International contacts of Norwegian national socialists were also mentioned in Kenneth Kreppen’s (2015) master’s thesis. However, his main focus was on the political strategies of his protagonists, not on their cooperation outside Norway. The involvement of Norwegians in the Finnish Winter War has been little investigated so far, with one monograph in this field by Torstein Strømsøe (2000), published at the University of Trondheim. Beside studies on fascism, there exist a few studies on the development of race research as an academic discipline in Norway. Jon Kyllingstad (2004), Nicola Karcher (2009), and Torgeir Skorgen (2002) have taken into account the transnational “scientific” exchange that took place but did not have a specific focus on Nordic cooperation in this discipline.

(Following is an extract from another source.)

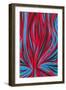 Psychedelic Pattern of Red and Blue-null-Framed Art Print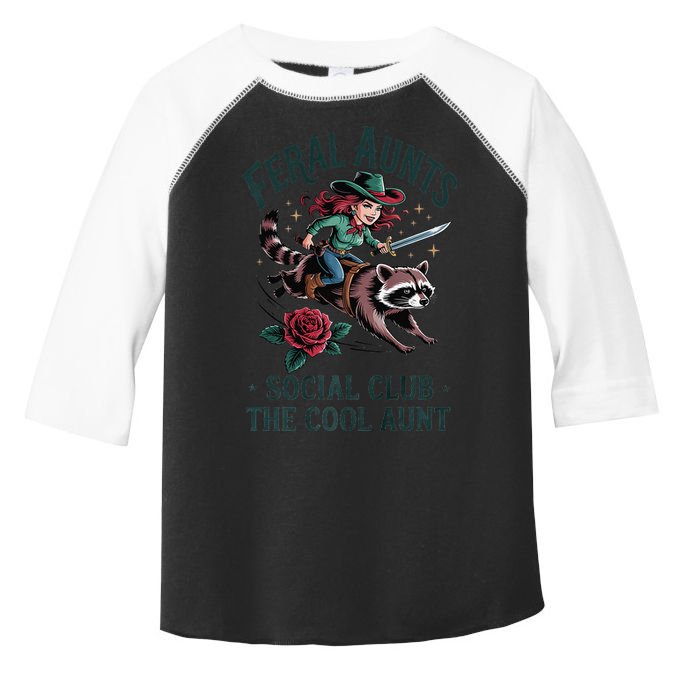Feral Aunts Social Club The Cool Aunt Pregnancy Raccoon Gift Toddler Fine Jersey T-Shirt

In general, the studies focusing specifically on Norwegian fascist and far-right cooperation with movements in the other Nordic countries have been missing and not identified as an important field of research. It is significant that Dahl’s historiographical overview from 2004 called for more comparative research employing theoretical insights from international fascist studies but did not mention transnational and entangled studies on Nordic fascism as a research deficit. This is particularly noteworthy in view of the fact that previous research conducted in both Norway and Sweden by, for example, Heléne Lööw (1990), Terje Emberland (2003), Matthew Kott (Emberland & Kott, 2012), and Nicola Karcher (2012) has shown that these networks existed during the interwar period.
Virtually, all works dealing with the period of the German occupation of Norway have employed a somewhat transnational perspective, in so far as dealing with the relationship between the Nazi leadership in Berlin, the local German rulers under Reichkommissar Terboven, and Nasjonal Samling. Here, Hans Fredrik Dahl’s (1992) second Quisling volume must be mentioned, as well as Tore Pryser’s (2001) study on Norwegian national socialists working as agents for the German SD (Sicherheitsdienst/Security Service of the SS), along with Øystein Sørensen’s (1989) study on ideological conflicts in Nasjonal Samling during the German occupation period.
In recent years, two research projects were started at the University of Trondheim and University of Tromsø. Although the first one had its main focus on Organisation Todt and published some of its findings in a special issue (Historisk tidsskrift, 2018), the second mainly focused on the occupation history in Northern Norway.
One of the most comprehensive studies on the Norwegian occupation regime was written outside Norway by the German historian Robert Bohn (2000). In addition, Tore Rem’s (2015) work on the relationship between Norwegian writer Knut Hamsun and Hitler offered an interesting perspective. However, none of these studies investigated transnational or entangled Nordic cooperation.